Alice Evans, in her blog post "3 Things I Got Wrong About Patriarchy" (June 26, 2022), concludes (convincingly) that:
(1) Patriarchy in a society with plough agriculture arises not mostly due to the importance of men's physical labor relative to women, but instead, as a result of how patrilineal inheritance is used to concentrate wealth and power in a society, to encourage clan-like organization, and to create a need to resolve conflicts between men living in close clan communities over women.
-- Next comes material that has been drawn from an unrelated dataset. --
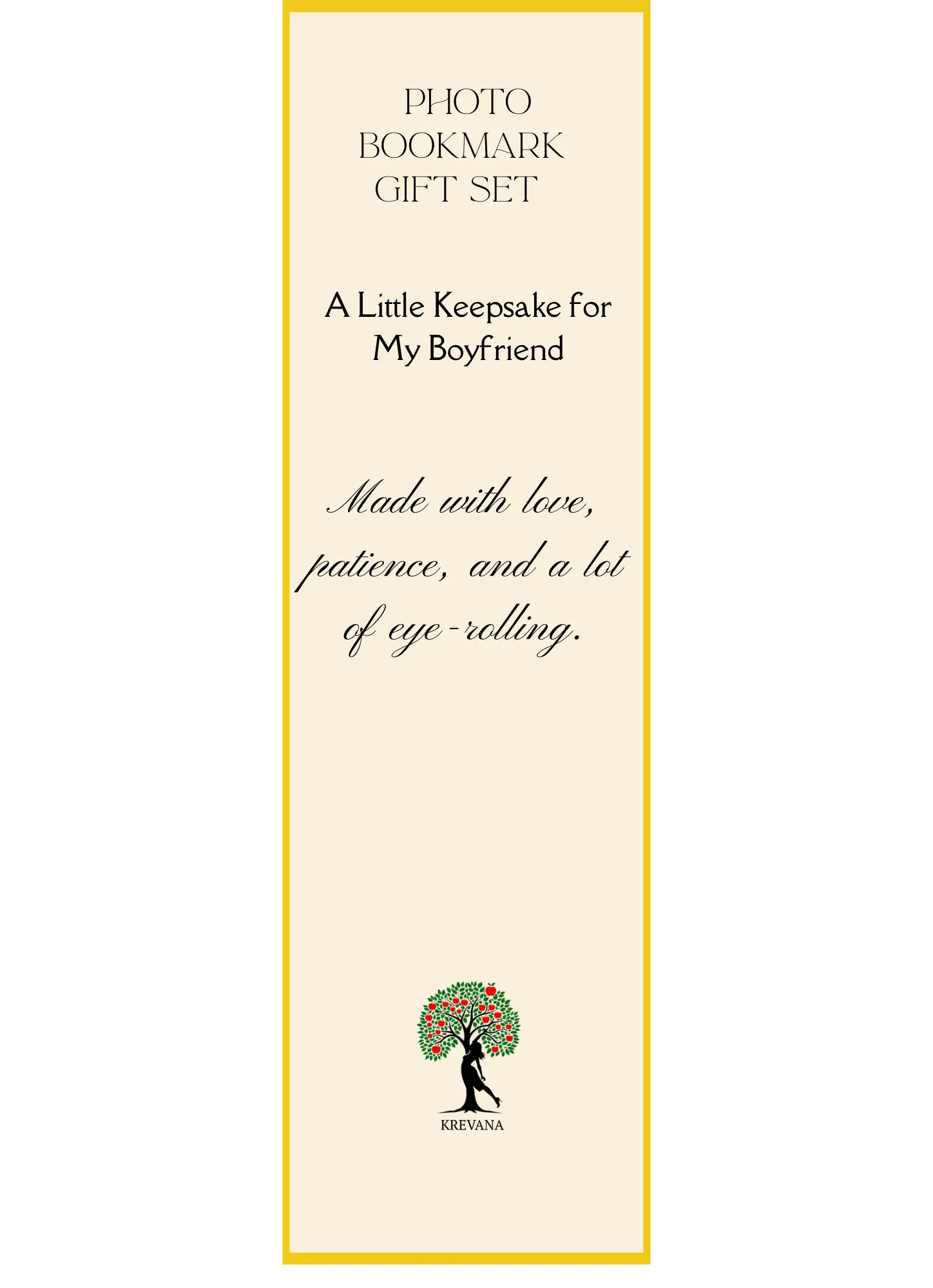 Personalised Photo Bookmark Gift | Custom Bookmark in Gift Box | Meaningful Keepsake for Friends, Family, or Colleagues Krevana Personalised Photo Bookmark Gift | Custom Bookmark in Gift Box | Meaningful Keepsake for Friends, Family, or Colleagues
(2) Christian Europe has been surprisingly egalitarian because Christian doctrine was actually followed in the Middle Ages and because rich nobles would use church morals rules against patriarchy as a bludgeon against rivals to prevent them from concentrating power and wealth. Christianity reduced patriarchy relative to many of its immediate predecessor societies in Europe.
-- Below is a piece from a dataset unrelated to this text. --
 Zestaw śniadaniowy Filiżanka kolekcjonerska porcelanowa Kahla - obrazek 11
(3) Islam promoted patriarchy, when other economic conditions made it feasible, even when the economic and technological conditions didn't compel a patriarchy outcome that wasn't present before a conversion to Islam. But oil wealth didn't change the pre-oil discovery level of patriarchy in an Islamic society very much as many scholars had hypothesized.
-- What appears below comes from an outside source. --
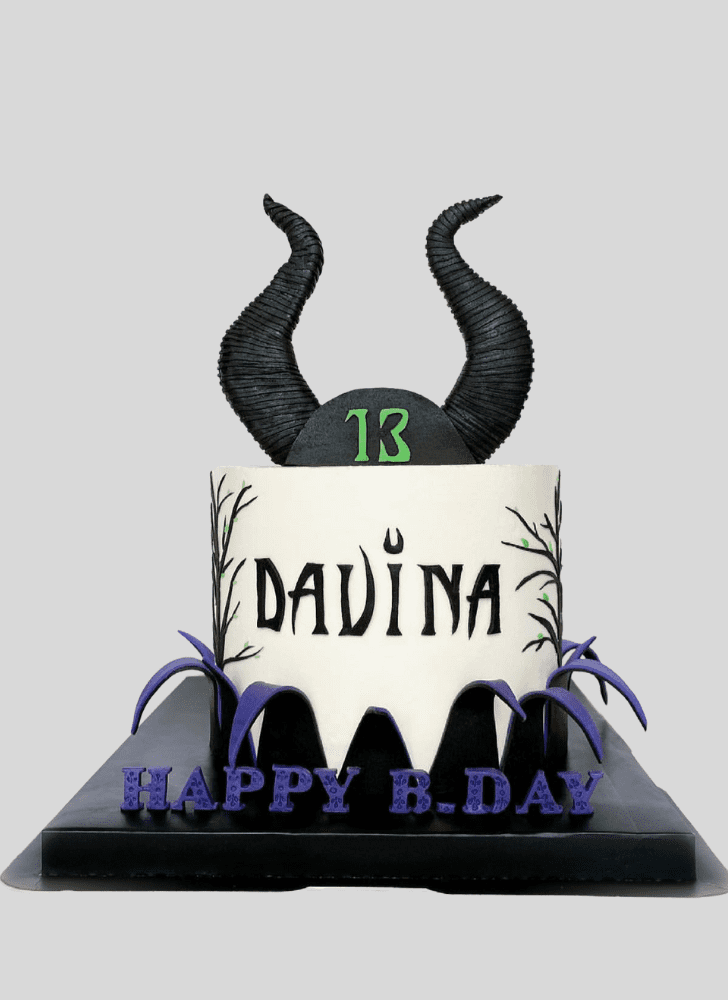 Magnificent Maleficent Cake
She reaches these conclusions, that are not conventional wisdom in anthropology and economics, by looking at more data over longer time periods, with greater detail than other scholars doing the same kind of analysis usually do.
She was also willing to discount her own cognitive biases, for example, that religion was less important than economics in these matters.
1 comment:
Ok? It's almost like a young and intelligent researcher realizes that Post Modernism leaves a lot of wheat in the chaff.